BastinFlorian/ImageRetrieval

Repository files navigation

Image Retrieval

Objectif

Introducing ImageFinder, a fictional application that uses machine learning to provide users with a powerful image retrieval system. With ImageFinder, users can easily find similar images from a large dataset with just a click.

How to use

  • Install Docker Desktop
  • Run docker-compose build
  • Run docker-compose up
  • Fast API app, open on a web browser: http://localhost:8000/docs
  • Streamlit app, open on a web browser: http://localhost:8501/
  • Try the apps with the url image of your choice

How it works ?

We use a Vision Transformer (transformer encoder model) named google/vit-base-patch16-224-in21k from Hugging Face to proceed this content-based image retrieval task.

This model is pretrained on a large collection of Images (ImagetNet). We choose this model because it learns an inner representation of images that can then be used to extract features.

This task is decomposed as follow:

Part I - Implement an image retrieval system

  1. Creation of embedding vectors from the image dataset
  2. Use of FAISS vector database for semantic search

We choose the library FAISS because it assures faster similar search when the number of embedded vectors is huge which would be the case in a real data world with thousands of images.

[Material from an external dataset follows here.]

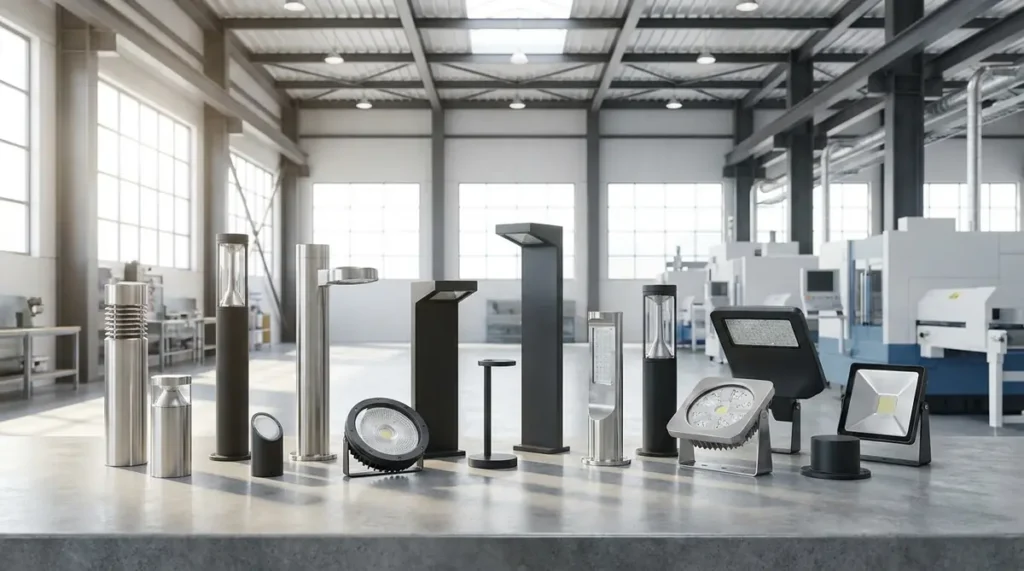 Array of aluminium die-cast outdoor LED light fixtures on a studio surface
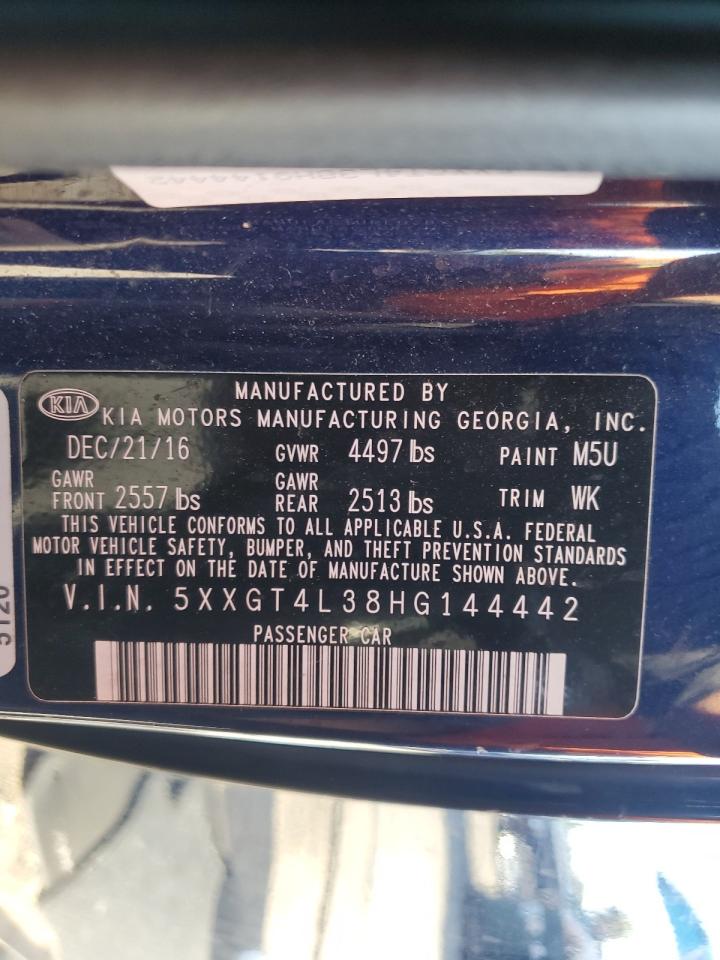 2017 Kia Optima Lx VIN: 5XXGT4L38HG144442 Lot: 63140904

FAISS uses index operations and euclidean distance to measure vector similarity. We could have used the cosine similarity too, but in this task the two measures won’t differ the results, so we choose to keep the original L2 FAISS index.

Part II - Create Post Route API

  1. FastAPI to interact with the system and retrieved the three closest images from the input image

FastAPI enables to develop a quick and serverless API in python. The documentation to interact with the API is really useful and understandable by non-developers that’s why we choose the library.

Limitations and future updates

Limitations

  1. Optimisation: Compute the embedding vectors is not optimised. It can be really long if we have a lot of images.
  2. Memory Usage: We stock in memory all the objects (model, dataset etc.) and it's not optimal.

Future Updates

  1. Print the retrieval images in the API to compare directly with the input
  2. Rework on point 1 & 2 from Limitations.